CHARLESTON, W.Va. – A new poll by Orion Strategies surveys the opinions of historic likely voters in West Virginia on a number of current topics including economic issues, teacher pay, the opioid epidemic, and medical marijuana.
“When asked about the direction that West Virginia is headed, 47% believe the state is going in the right direction while 29% believe it is not,” said Graham Godwin, senior researcher for Orion Strategies.
Last week’s State of the State Address was only viewed by 21% of respondents. Of those who watched the speech, 55% rated it positively.
When asked which reason has the greatest impact on why West Virginia lags behind the rest of the nation economically, a plurality of 31% believe it is due to the opioid drug epidemic facing the state. This was followed by 16% who blame the state’s reliance on fossil fuels, a tie of 10% each regarding the state’s lack of highways and a college-educated workforce, and then the state’s aging population at 9%. Only 4% suggested that the state’s lack of broadband internet connectivity was a factor leading to the state’s lagging economy.
One in seven respondents believe that the opioid epidemic has improved over the last year, while 31% believe it has worsened, and 44% find it to be the same. Approximately two-thirds of those surveyed know someone suffering or who has suffered from addiction to oxycodone, heroin or other opioids – a number consistent with a similar survey conducted by Orion Strategies in early 2018.
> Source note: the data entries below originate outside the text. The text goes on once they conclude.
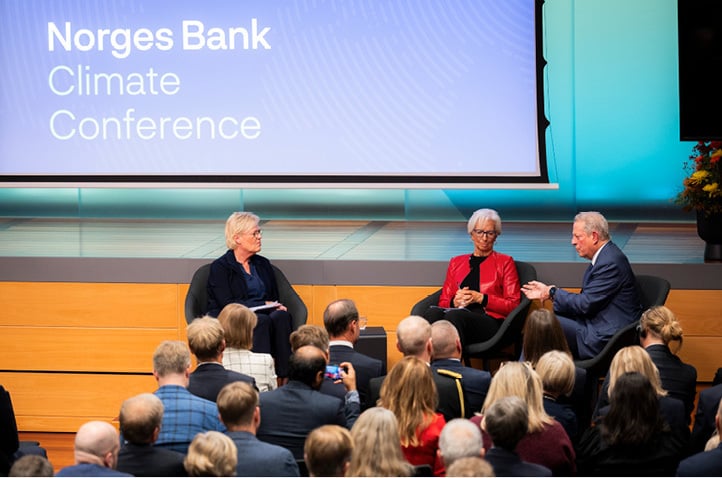 Two women and a man, all sitting in chairs, having a discussion in front of an audience with a stage monitor behind them showing the title Norges Bank Climate Conference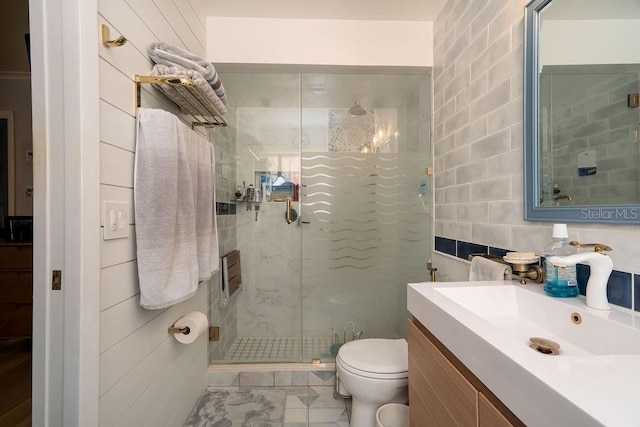 bathroom with tile walls, a shower stall, toilet, vanity, and tile patterned floors
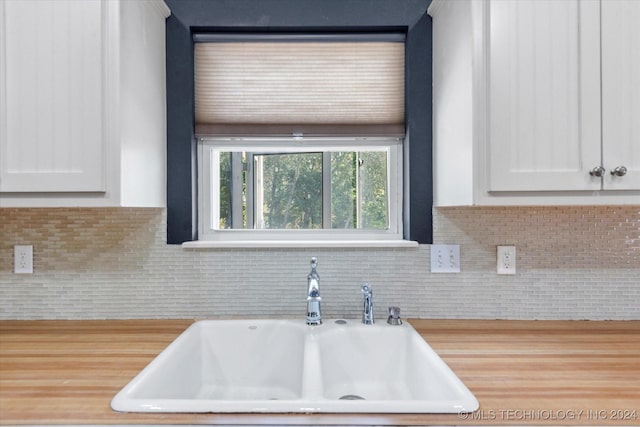 kitchen featuring white cabinets, tasteful backsplash, a sink, and light countertops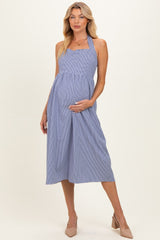 woman wearing a blue and white gingham maternity dress with a fitted bodice and flowy skirt, holding her baby bump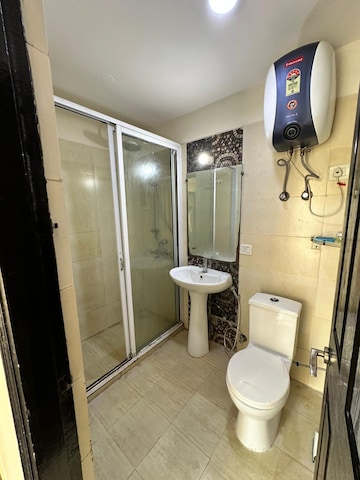 Bathroom in 2 BHK Apartment at Paramount Symphony, Sain Vihar – for Sale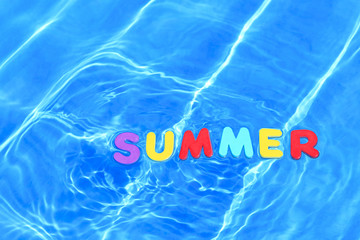 The word summer floating in a swimming pool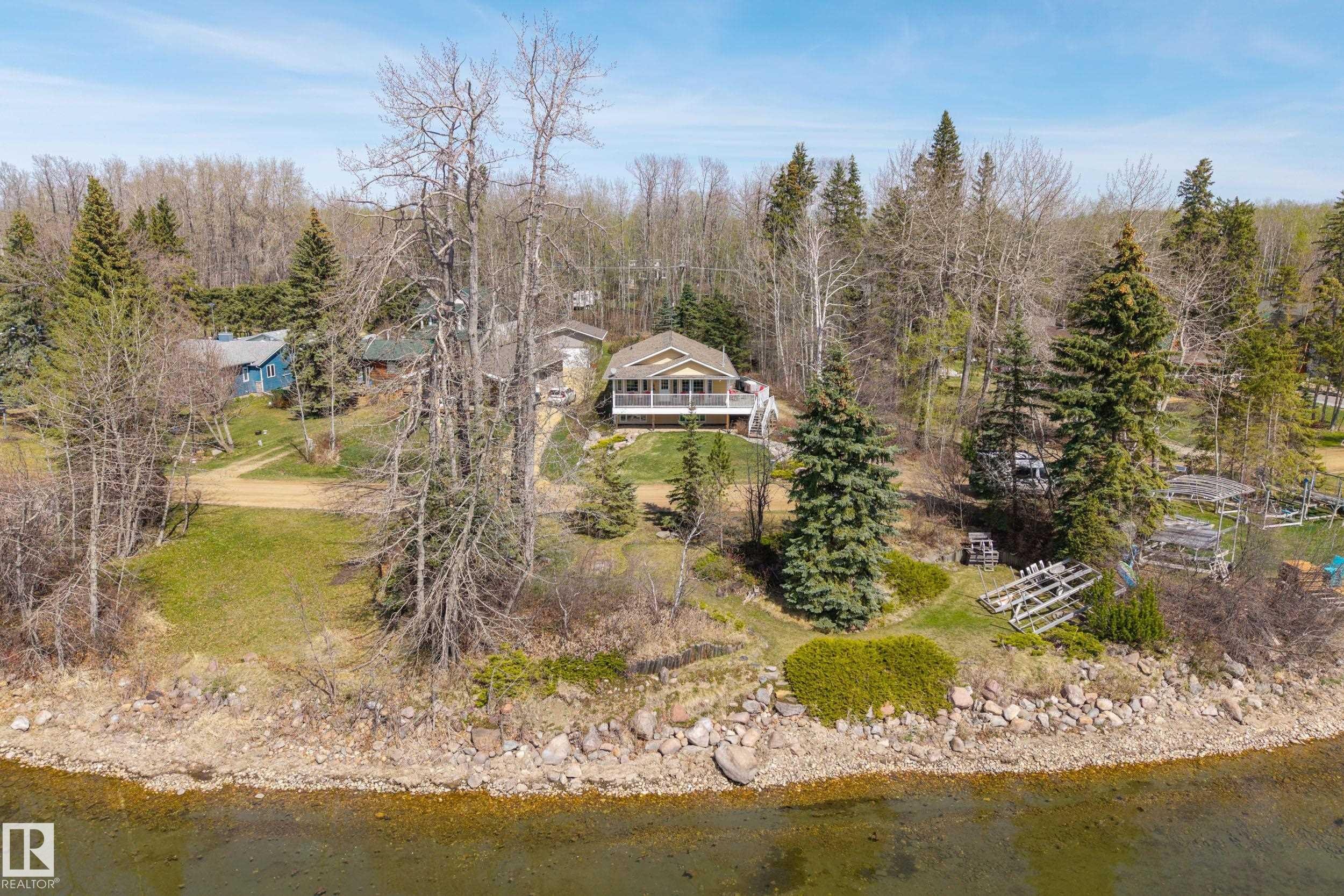 Waterfront property featuring a yellow exterior with white trim, a spacious deck with white railings, mature evergreen trees, a gently sloping lawn, and a natural shoreline - 77 Lakeshore Drive, Rural Leduc County, AB - Outdoor With Body Of Water With View
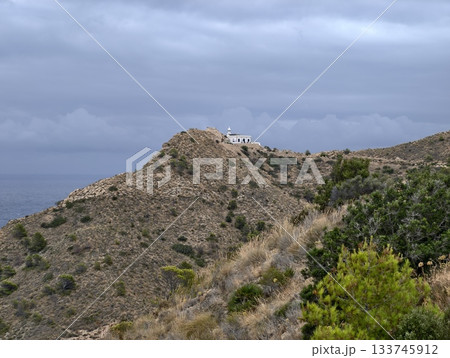 solitary church on rugged mountaintop, remote white chapel crowns dry hillside with moody atmosphere 133745912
“A supermajority of 68% of historic likely voters support the legalization of marijuana for medicinal use when prescribed by a doctor,” Godwin said. “Only one in four respondents are opposed.”
These numbers are almost reverse on the issue of legalization of marijuana for recreational use by adults 21 and older where only 26% of respondents would support such an effort and 66% are opposed.
Sixty percent of the survey’s respondents believe that West Virginia’s teachers are paid too low. Only 29% feel that teachers are paid about the right amount and 5% believe they are overpaid. When the same question was fielded regarding state employees, a 46% plurality believe that the Mountain State’s civil servants are paid too low and 31% feel they are paid about the right amount. Only 7% believe that state employees are overpaid.
West Virginians were asked whether they supported the hiring of Neal Brown as the new head football coach of West Virginia University. While 48% of respondents were unsure or do not follow the sport, a massive 90% super-majority of those surveyed who do have an opinion of the hiring, support the coach.
The live-interview telephone survey was conducted among historic, likely voters in West Virginia. A total of 310 respondents completed the entire survey – giving the survey a 5.57+/- margin of error with a 95 percent confidence rate. The sample was proportionate to each of the three congressional districts in the state. Both cell phones and landline telephones were called in all 55 counties. Partisan registration among respondents was 45 percent Democratic, 34 percent Republican and 20 percent Independent. The poll was conducted January 12, 2019.